* WHAT TO WORK ON:
The pictures are to be left out when the listing below is reproduced word for word.

* DATA SHOWN:
---

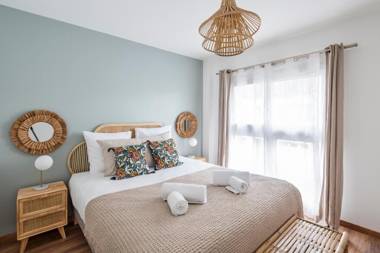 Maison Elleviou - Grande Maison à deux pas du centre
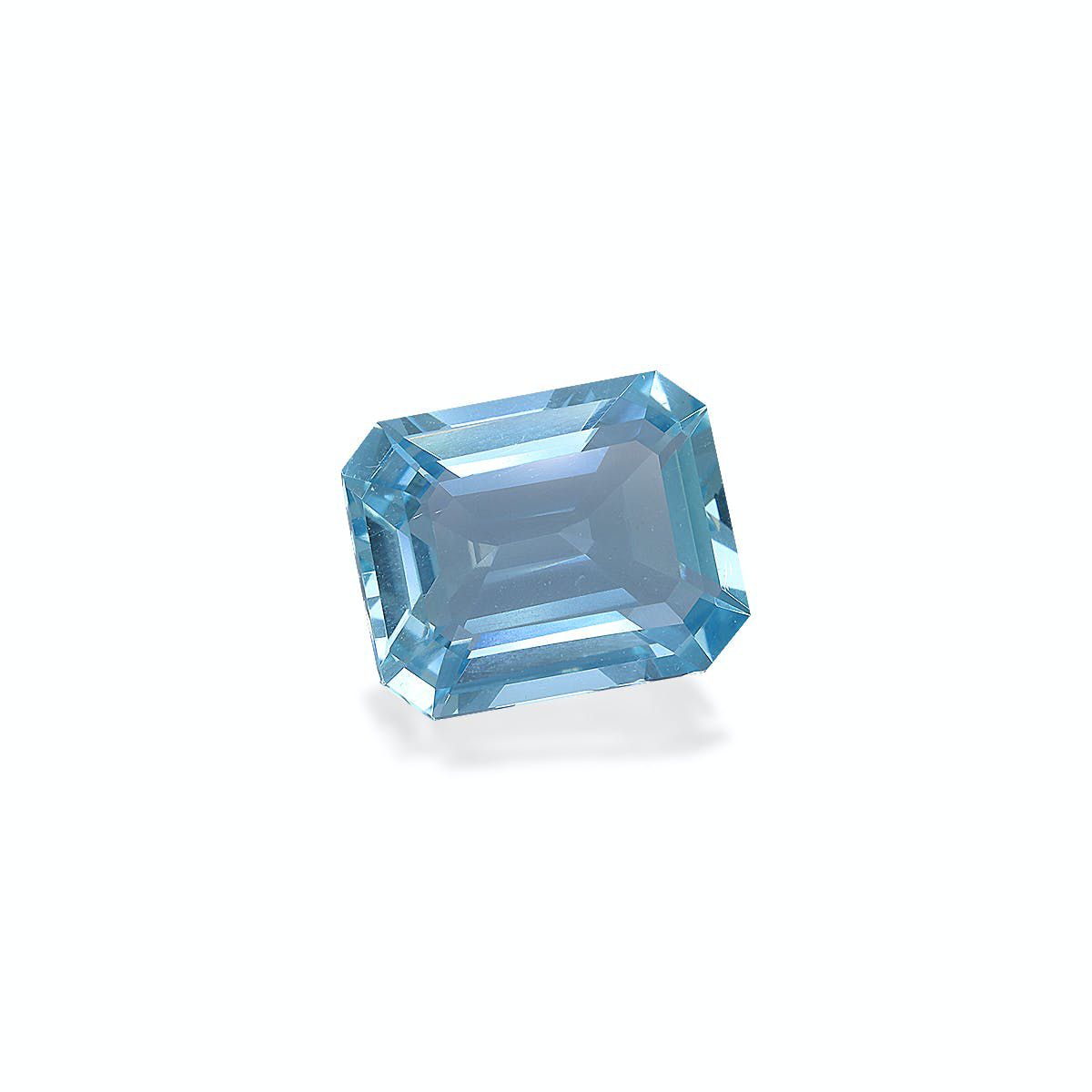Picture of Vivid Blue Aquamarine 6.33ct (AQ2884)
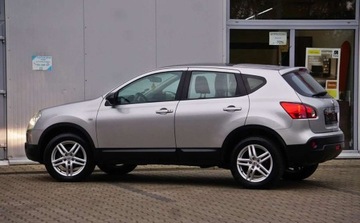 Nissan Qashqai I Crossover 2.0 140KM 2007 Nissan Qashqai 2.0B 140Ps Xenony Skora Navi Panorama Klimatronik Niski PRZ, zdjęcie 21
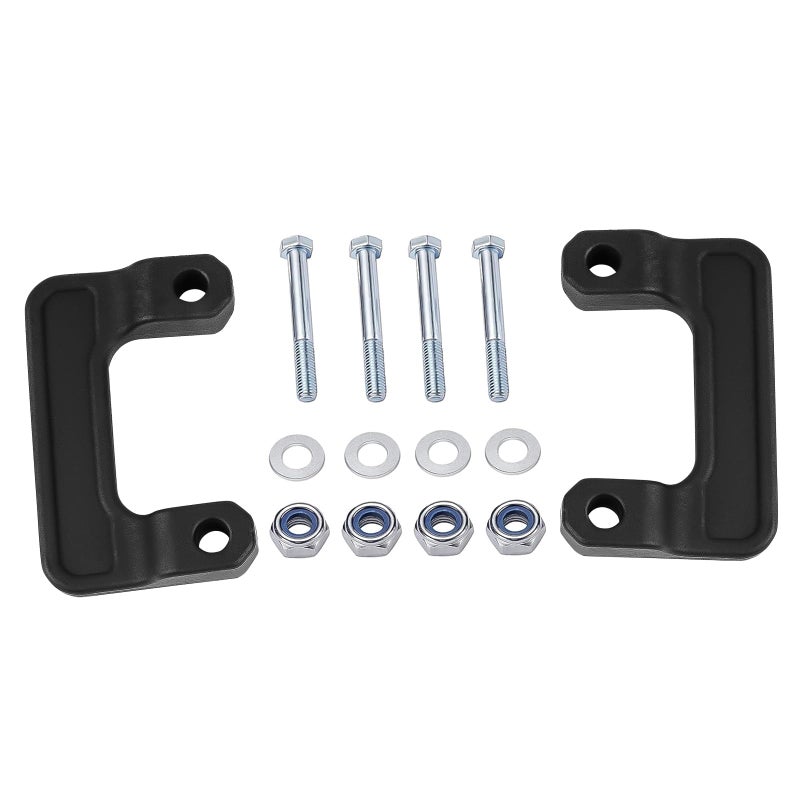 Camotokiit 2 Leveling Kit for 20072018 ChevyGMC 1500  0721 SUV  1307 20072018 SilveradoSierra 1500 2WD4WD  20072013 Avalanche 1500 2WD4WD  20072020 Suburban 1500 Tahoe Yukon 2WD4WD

---

* RESPONSE:
 Maison Elleviou - Grande Maison à deux pas du centre
Picture of Vivid Blue Aquamarine 6.33ct (AQ2884)
 Nissan Qashqai I Crossover 2.0 140KM 2007 Nissan Qashqai 2.0B 140Ps Xenony Skora Navi Panorama Klimatronik Niski PRZ, zdjęcie 21
 Camotokiit 2 Leveling Kit for 20072018 ChevyGMC 1500  0721 SUV  1307 20072018 SilveradoSierra 1500 2WD4WD  20072013 Avalanche 1500 2WD4WD  20072020 Suburban 1500 Tahoe Yukon 2WD4WD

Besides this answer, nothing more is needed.